(Continued from: Moving to the Cloud — and Finding the Right Model) By this point the core system was working. GPT-4o-mini was holding context, the product cards were giving customers a tangible output, and the hallucination problem was largely under control. I could have pushed to production and called it done.
Instead I built a staging environment.
The decision didn’t come from a tutorial or a best practice article. It came from muscle memory. Before AI, I spent years in infrastructure — and I always kept a lab. A couple of servers set aside specifically for testing software before it ever touched production. You don’t install anything on a live system without knowing how it behaves first. That instinct followed me into this build naturally. Every new component — every integration, every guardrail, every analytics hook — needed a safe place to fail before it touched real customers. Staging became that place. A mirror of production with its own database, its own Railway deployment, its own environment variables. Anything new goes to staging first.
It’s the kind of infrastructure decision that feels like overhead until the day it saves you.
Getting Serious About Compliance
The system prompt had always included soft guardrails — instructions telling the AI not to make medical claims, not to recommend cannabis as treatment for specific conditions. California law is unambiguous on this.

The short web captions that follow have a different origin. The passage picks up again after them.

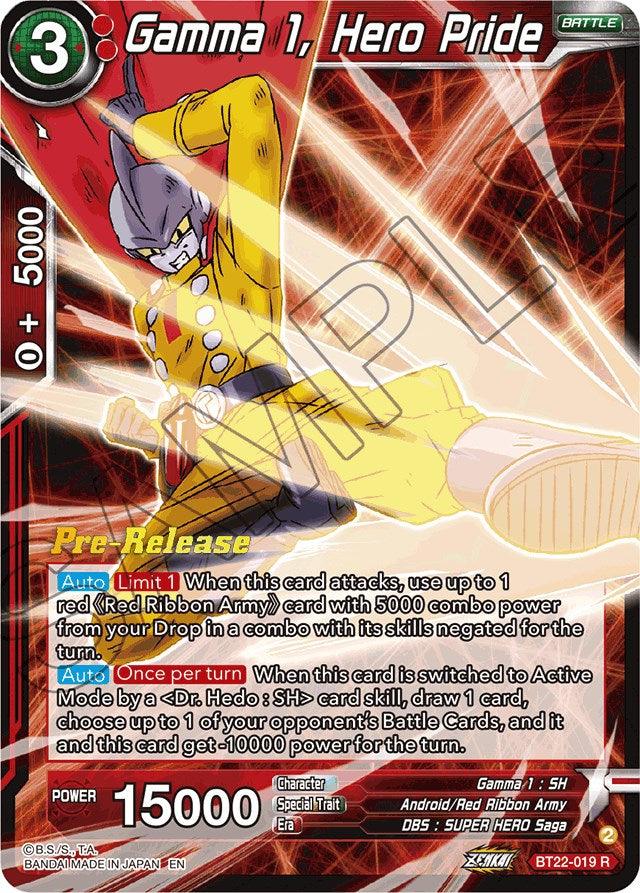 Gamma 1, Hero Pride (BT22-019) [Critical Blow Prerelease Promos] - POKÉ JEUX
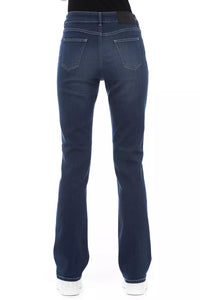 Thumbnail for Tricolor Accent Designer Jeans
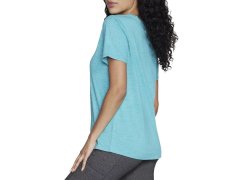Skechers Go Dri Swift Tee TS104-WAQ Modré XS 2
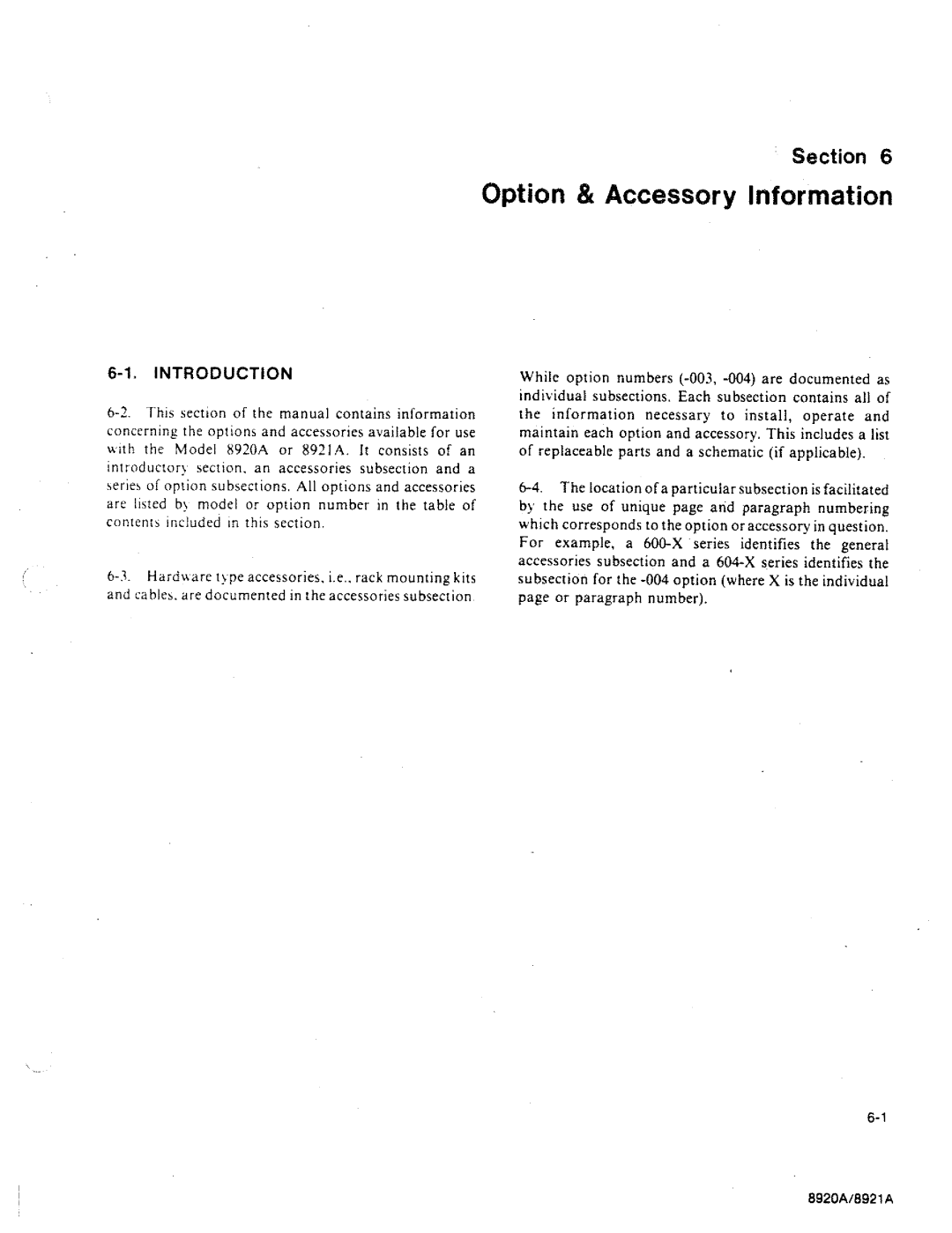 Fluke 8920A manual 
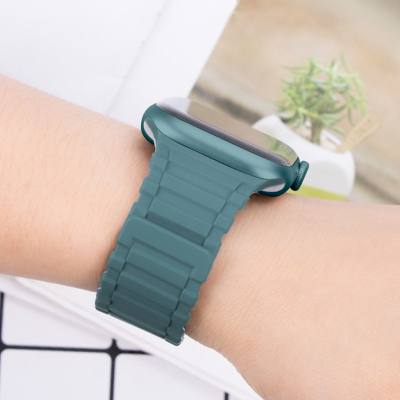 Watchband Hoco WA06 Flexible Military Pattern 42/44/45/49mm για Apple Watch 1/2/3/4/5/6/7/8/SE/Ultra Green Shirt Grey Silicon Ba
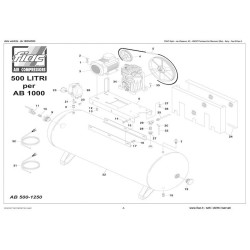 FIAC Spare Parts for Piston Air Compressor AB500/1000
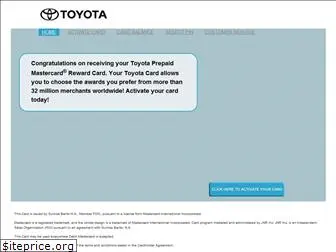 toyotarewardcard.com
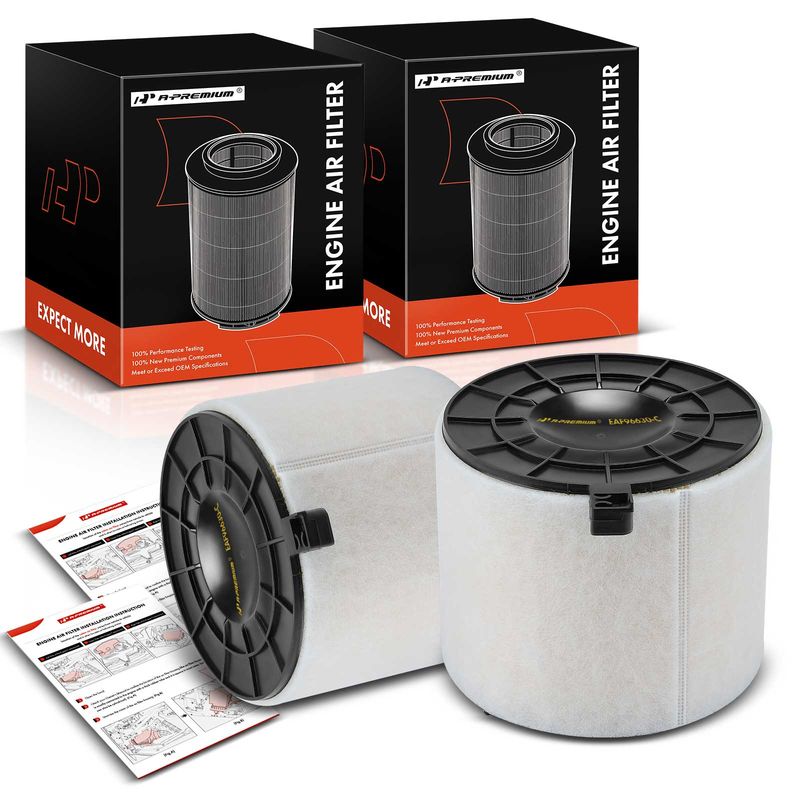 2x Engine Air Filter for Audi S5 Sportback 2018-2023 SQ5 RS5 Sportback 2.9L 3.0L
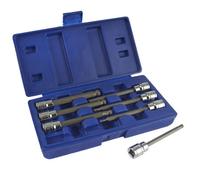 AB Tools Long Ball Ended Hex Allen Key Socket Bit Set 3/8" Drive 3mm - 10mm At641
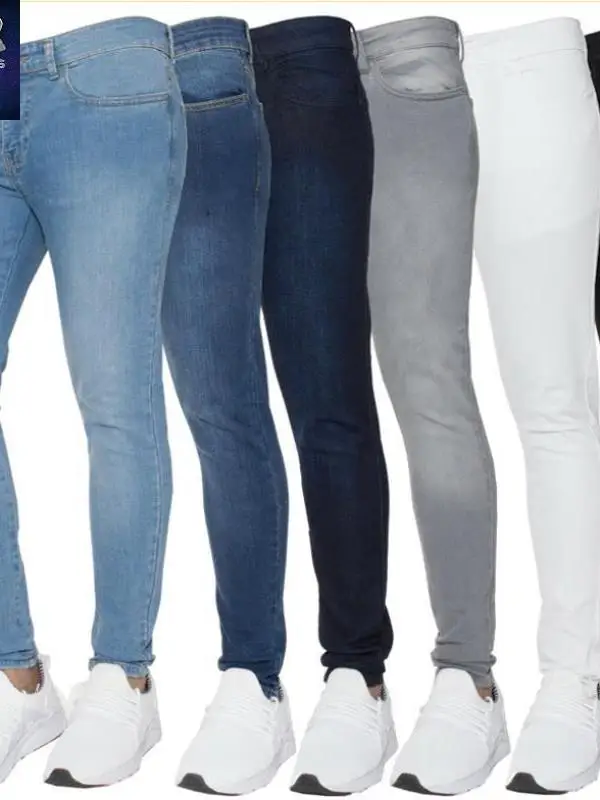 

Men's Slim Fit Jeans 2026 Summer New Sle Worn-In Distred Casual Long Pants mid Waist Zipper Closure Four Seasons Wear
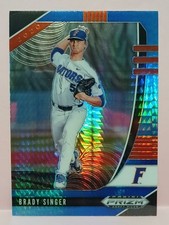 2020 PRIZM DRAFT BRADY SINGER BLUE WAVE PRIZM ROYALS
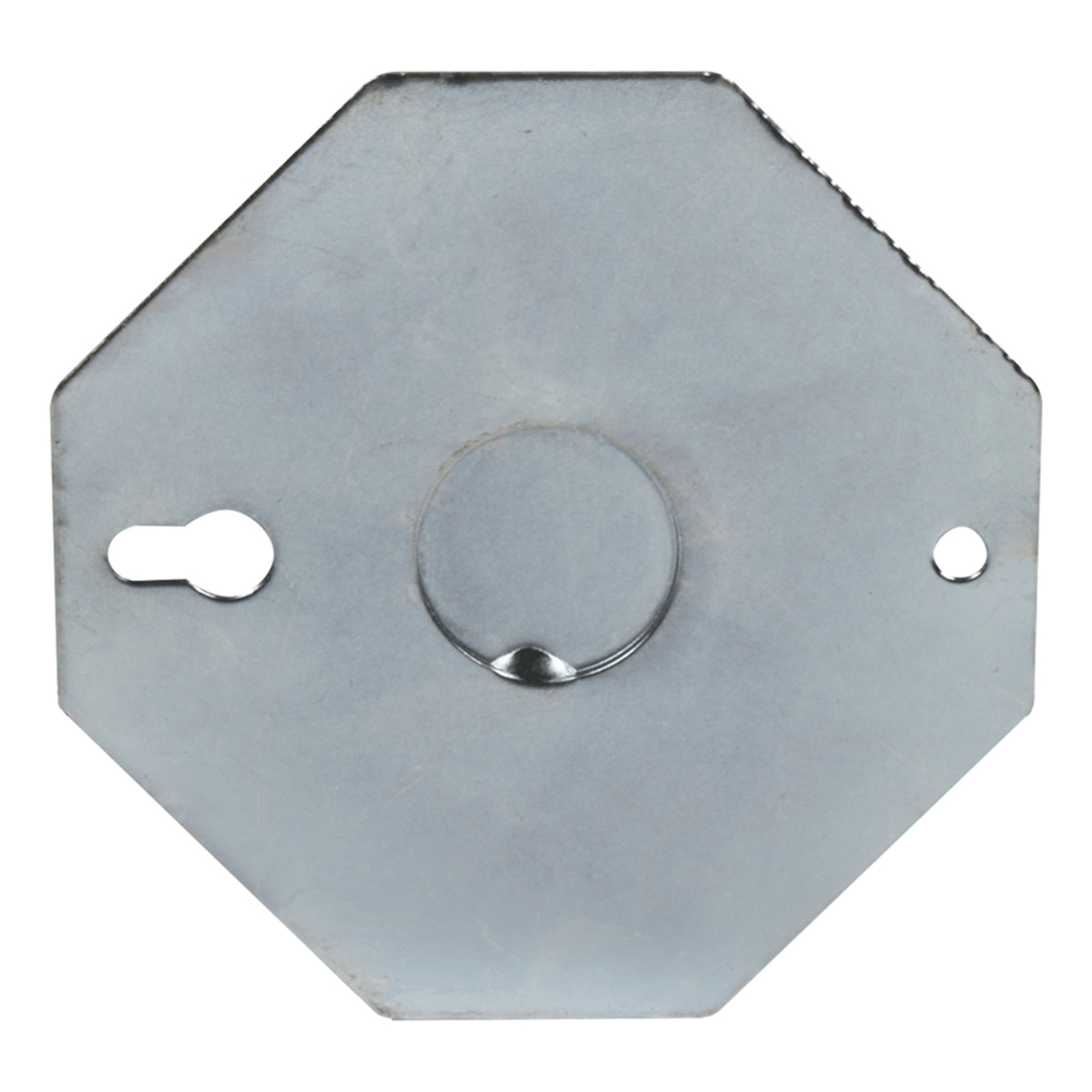 Imagen de TAPA OCTAGONAL 3" X 3" REFORZADA METALICA GALVANIZADA IGESA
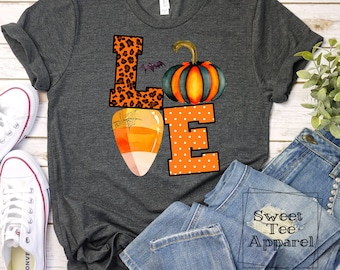 Love t-shirt - Halloween shirt - Candy Corn - Trick or treating shirt - Cute Halloween shirt - Unisex - soft tee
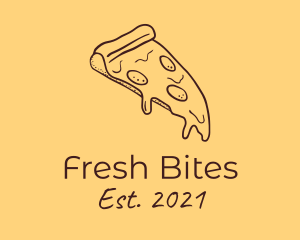 Pizzeria Pizza Slice  logo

But instructions in a prompt are a policy, not a proof. They can drift. They can be talked around. They don’t leave an audit trail.
I’d been reading about NeMo Guardrails — NVIDIA’s open-source framework for enforcing behavioral constraints on LLM outputs at the infrastructure level. I brought it to Claude, asked whether it was worth adding to the stack, and got an enthusiastic yes. NeMo operates as a layer between the user input and the LLM response, actively intercepting and blocking prohibited content rather than hoping the model behaves. That distinction matters. A cannabis business can’t hand regulators a system prompt and call it compliance. NeMo gives the system a technical enforcement mechanism with real teeth.
It went to staging first. Tested thoroughly. Then to production.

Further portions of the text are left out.